La Bohème

Music by Giacomo Puccini, libretto by Luigi Illica and Giuseppe Giacosa (Union Avenue Opera Theatre)

Aug 23, 2000 at 4:00 am
Bravo, bravo, BRAVO to Union Avenue Opera Theatre. Their production of Puccini's La Bohème is subtle and powerful, smart and entertaining. Artistic director/conductor Scott Schoonover and stage director Jolly Stewart have mounted a theatrically vivid performance of rare balance and coherence.

A quartet of artists eke out a living in mid-1800s Paris: Marcello paints, Rodolfo writes, Schaunard composes and Colline philosophizes. Meanwhile, they're slowly freezing to death in an unheated garret. How to stay warm? Will they burn Rodolfo's play or Marcello's painting? Two love stories provide the narrative -- Rodolfo with Mimi, a seamstress specializing in silk flowers; and Marcello with Musetta, an unapologetic flirt.
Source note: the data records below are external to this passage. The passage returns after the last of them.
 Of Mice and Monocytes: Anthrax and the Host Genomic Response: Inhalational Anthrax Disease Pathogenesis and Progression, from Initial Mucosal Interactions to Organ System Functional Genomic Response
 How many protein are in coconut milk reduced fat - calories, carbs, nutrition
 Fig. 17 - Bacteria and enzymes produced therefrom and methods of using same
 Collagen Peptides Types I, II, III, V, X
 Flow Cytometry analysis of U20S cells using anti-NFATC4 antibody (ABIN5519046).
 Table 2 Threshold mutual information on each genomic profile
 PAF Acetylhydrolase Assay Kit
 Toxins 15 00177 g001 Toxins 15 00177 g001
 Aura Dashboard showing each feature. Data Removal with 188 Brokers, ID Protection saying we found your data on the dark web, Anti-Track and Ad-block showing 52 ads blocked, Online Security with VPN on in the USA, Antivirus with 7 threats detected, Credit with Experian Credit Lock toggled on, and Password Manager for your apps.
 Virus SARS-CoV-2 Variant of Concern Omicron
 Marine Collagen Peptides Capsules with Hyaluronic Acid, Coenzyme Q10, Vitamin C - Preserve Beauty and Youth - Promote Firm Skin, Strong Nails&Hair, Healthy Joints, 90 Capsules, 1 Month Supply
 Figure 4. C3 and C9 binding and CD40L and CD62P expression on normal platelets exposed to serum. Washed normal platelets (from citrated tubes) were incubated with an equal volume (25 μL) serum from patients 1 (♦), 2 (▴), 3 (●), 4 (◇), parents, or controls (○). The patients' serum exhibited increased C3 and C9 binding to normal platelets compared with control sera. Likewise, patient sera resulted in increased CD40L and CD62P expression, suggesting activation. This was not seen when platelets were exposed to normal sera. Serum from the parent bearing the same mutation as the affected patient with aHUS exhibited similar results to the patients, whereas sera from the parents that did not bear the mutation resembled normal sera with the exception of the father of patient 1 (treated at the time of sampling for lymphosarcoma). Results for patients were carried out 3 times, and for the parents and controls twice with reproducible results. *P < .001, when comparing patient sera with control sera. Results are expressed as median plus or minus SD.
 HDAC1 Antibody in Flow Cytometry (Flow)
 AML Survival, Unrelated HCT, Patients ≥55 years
The arias Rodolfo and Mimi sing contain some of the most famously lush tunes in opera -- all swooping strings and upwardly gliding climaxes. (English subtitles flash to the right of the stage.)

La Bohème is Giacomo Puccini's perfect opera. By removing the distinction between aria and recitative, he was able to take what would be an excellent but conventional stage drama (Henry Murger's Scenes de la vie Bohème) and set it to music. If opera couldn't get any grander after Wagner's Ring, it could not get any more small-D dramatic after La Bohème. Puccini's goal -- and this production's singular triumph -- is to make the singing transparent, which is not to say that Puccini's music is not at least as witty as his libretto. Leitmotiven are understated, and Bohème's signature -- barely a trill -- is woven into each scene with exquisite lightness.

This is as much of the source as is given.